> [Exercise objective]:
A verbatim repetition of the data below is requested, without images.

* * *

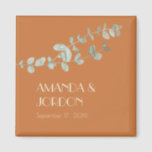 Terracotta Eucalyptus Deco Wedding Magnet<br><div class="desc">This Terracotta Eucalyptus Deco wedding magnet provides a minimalist boho, and rustic country, western, or desert theme. The simple sage green eucalyptus succulent foliage compliments the terracotta autumn background, while the art deco type combined with the botanical greenery and burnt orange backdrop creates a versatility to combine with other colored...</div>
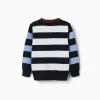 Striped knitted jumper for boys, white/brown/blue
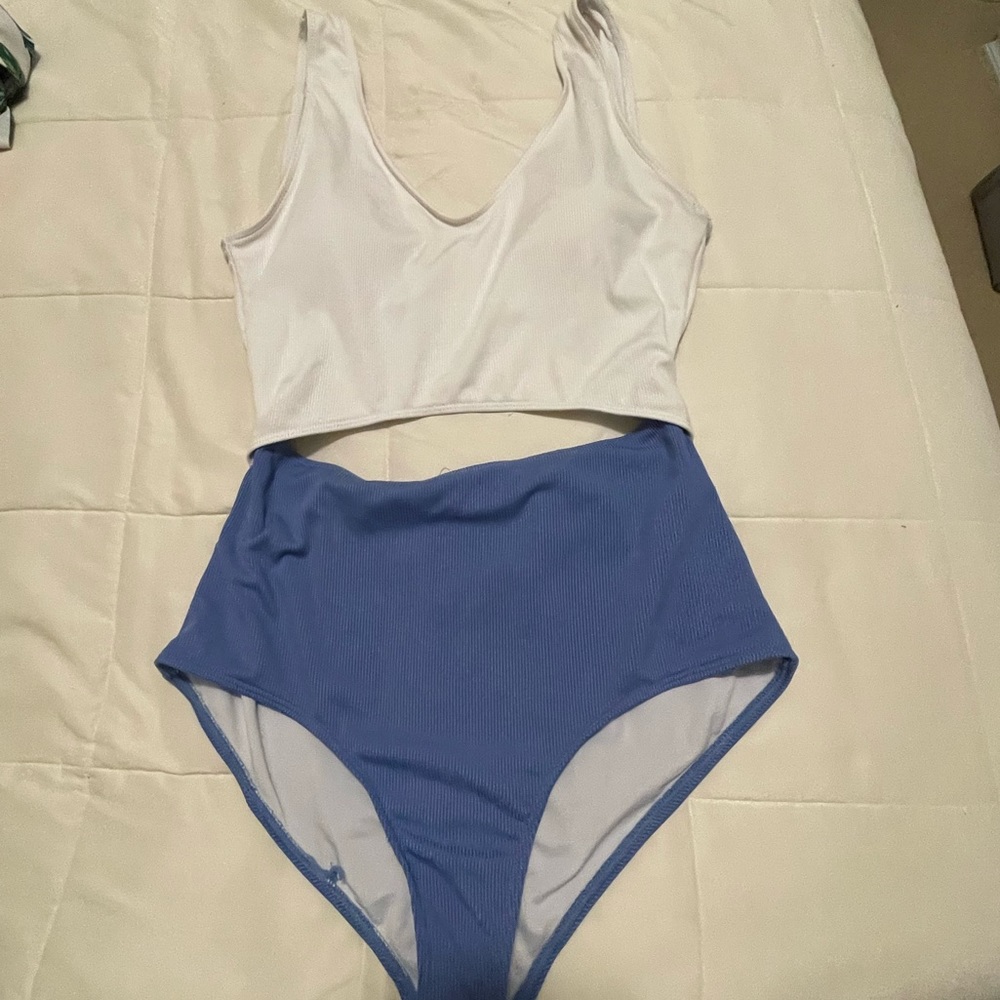 White and blue bathing suit from Shein!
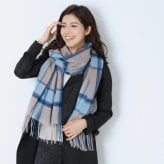 カシミヤ 100% ストール レディース 【名入れ刺繍可能】チェック柄 カシミヤ100% マフラー ストール【200cm×60cm】大判 厚手 ブリットチェック 柄 カシミヤマフラー 秋 冬 誕生日 母 ギフト プレゼント 7F (02000191r)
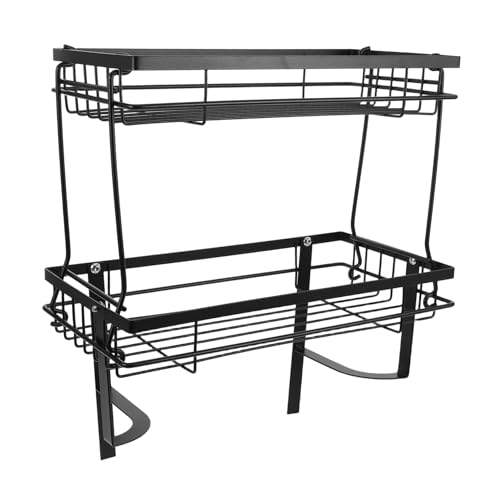 Sosoport Über wc Regal Doppelstock Badregal ohne Bohren Stabil Abnehmbar Modernes Schwarzes Badezimmer Aufbewahrungsregal für Toiletten Handtücher Kosmetik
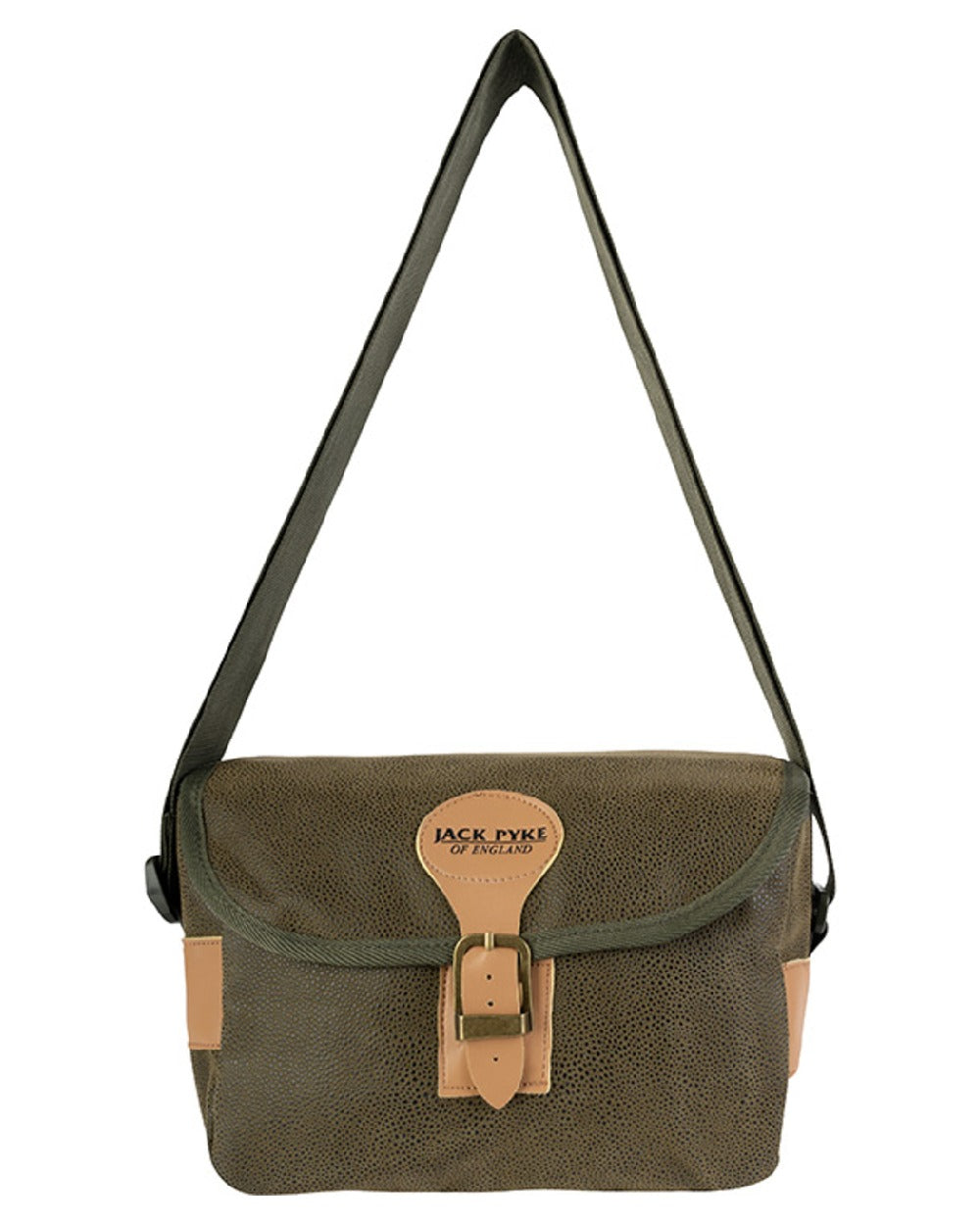 Green coloured Jack Pyke Duotex Cartridge Bag on white background #colour_green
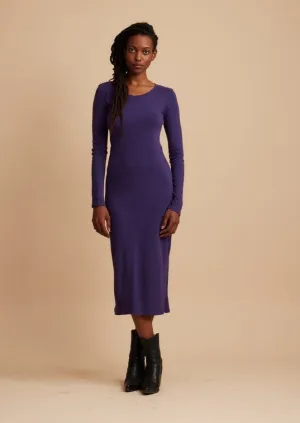 Fitted Long Sleeve Dress, Ultra Violet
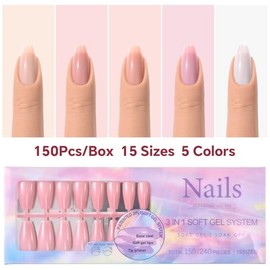 150 Uñas Postizas De Gel Con Punta Francesa, Color Piel, 15 Tamaños, 5 Colores, Para Manicura Casera, Regalo Para Mamá O Tu Pareja (Color Puro - M Ata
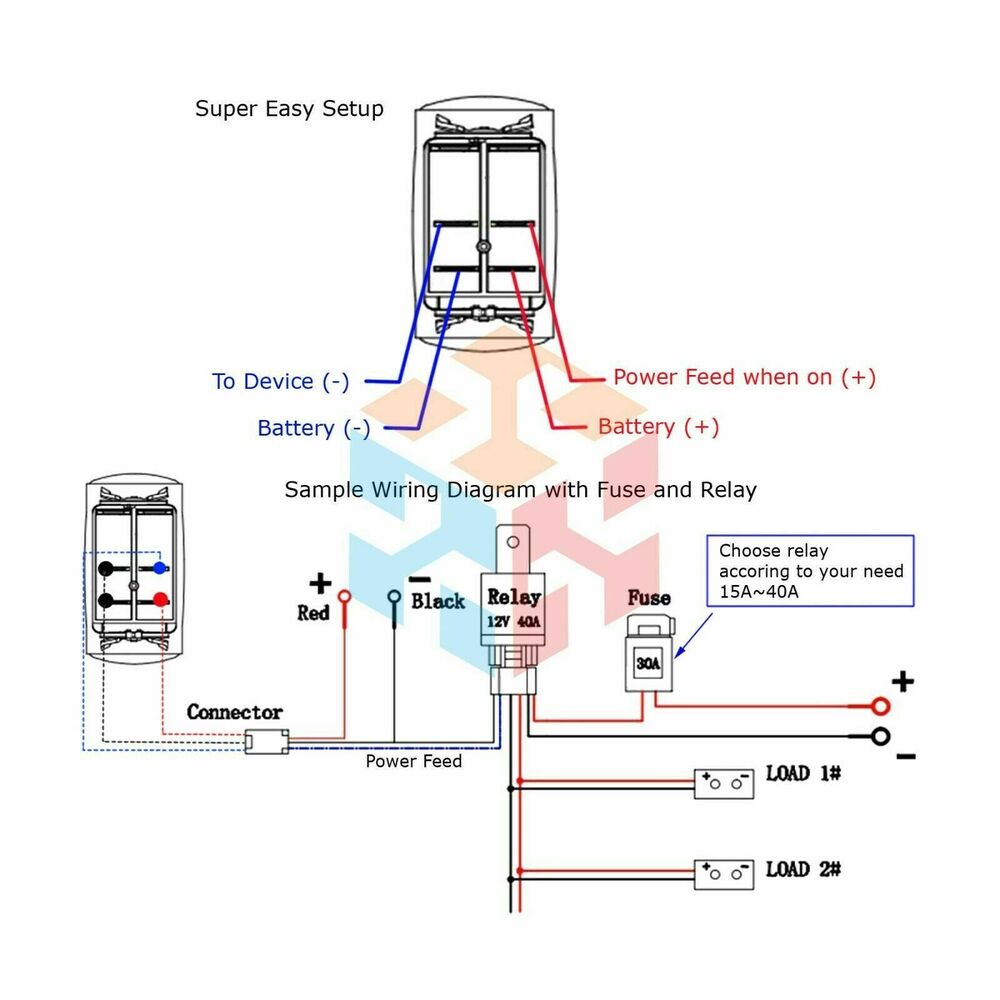 12V LED 6 Gang On/Off Rocker Switch Panel with Inline Fuse Box for Car, Truck, Boat, and Marine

* * *

> [Task output]:
 Terracotta Eucalyptus Deco Wedding Magnet<br><div class="desc">This Terracotta Eucalyptus Deco wedding magnet provides a minimalist boho, and rustic country, western, or desert theme. The simple sage green eucalyptus succulent foliage compliments the terracotta autumn background, while the art deco type combined with the botanical greenery and burnt orange backdrop creates a versatility to combine with other colored...</div>
 Striped knitted jumper for boys, white/brown/blue
 White and blue bathing suit from Shein!
 カシミヤ 100% ストール レディース 【名入れ刺繍可能】チェック柄 カシミヤ100% マフラー ストール【200cm×60cm】大判 厚手 ブリットチェック 柄 カシミヤマフラー 秋 冬 誕生日 母 ギフト プレゼント 7F (02000191r)
 Sosoport Über wc Regal Doppelstock Badregal ohne Bohren Stabil Abnehmbar Modernes Schwarzes Badezimmer Aufbewahrungsregal für Toiletten Handtücher Kosmetik
 Green coloured Jack Pyke Duotex Cartridge Bag on white background #colour_green
 Fitted Long Sleeve Dress, Ultra Violet
 150 Uñas Postizas De Gel Con Punta Francesa, Color Piel, 15 Tamaños, 5 Colores, Para Manicura Casera, Regalo Para Mamá O Tu Pareja (Color Puro - M Ata
 12V LED 6 Gang On/Off Rocker Switch Panel with Inline Fuse Box for Car, Truck, Boat, and Marine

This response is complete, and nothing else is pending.